In this scheme, a high-threshold discriminator is driven by the initial signal from the amplifier. The threshold level is adjustable from 10% to 70% of a nominal MIP signal. The resulting pulse serves as the enable for the precision-time discriminator. The precision time discriminator consists of a constant-fraction shaper and a low-level discriminator. The constant-fraction shaping is done by adding the differentiated amplifier signal and the corresponding delayed and inverted signal. The resulting pulse is further amplified and delivered to the input of a low level zero-crossing discriminator. The zero crossing point corresponds to approximately half the rise time of the input signal. The threshold of the low-level discriminator is used for adjusting the start time of the output pulse.
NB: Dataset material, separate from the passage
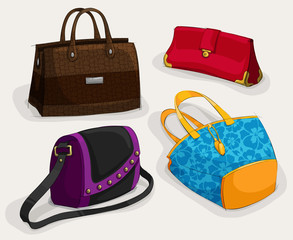 Poster - Fashion woman's bags collection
The design specifications for the anode preamp-shaper-discriminator circuits are listed below.
Equivalent Input Noise (rms): 0.5 fC at 0 pF; (1.7 fC at 200 pF)
Shaper Peaking Time: 30 ns
Shaped Waveform: Semi-gaussian with two exponent tail cancellation
Nominal input charge (i) 142 fC (8.8 x 10**5 e's)
Transfer Function (gain): 5 mv/fC (differential output)
Non-Linearity: <10% from 0-1.5 volt
Two-threshold Discriminator: High threshold disc used as ENABLE;
Low threshold zero crossing disc driven by const-frac
shaped pulse.
High-level Threshold: Adjustable from 20 - 500 mv
Discriminator Slewing Time: 2 ns
Footnote:
i) Corresponding to the average ionization deposition (Landau
peak) for a normal incident minimum ionization particle. For a gas
gain of 10**5, this input charge is equal to
(N_ion)(f_att)(f_aval)(f_sh) x 10**5, where f_aval is the
fraction of the avalanche charge collected by the anode and all other
factors are defined the same way as in footnotes i and ii of Table 1.
Simulation (CMS TN/95-194) gives N_ion = 180 (for 10 mm gas gap); F_att = 0.5;
f_aval = 0.82; f_sh (30ns shaper peaking time) = 0.12.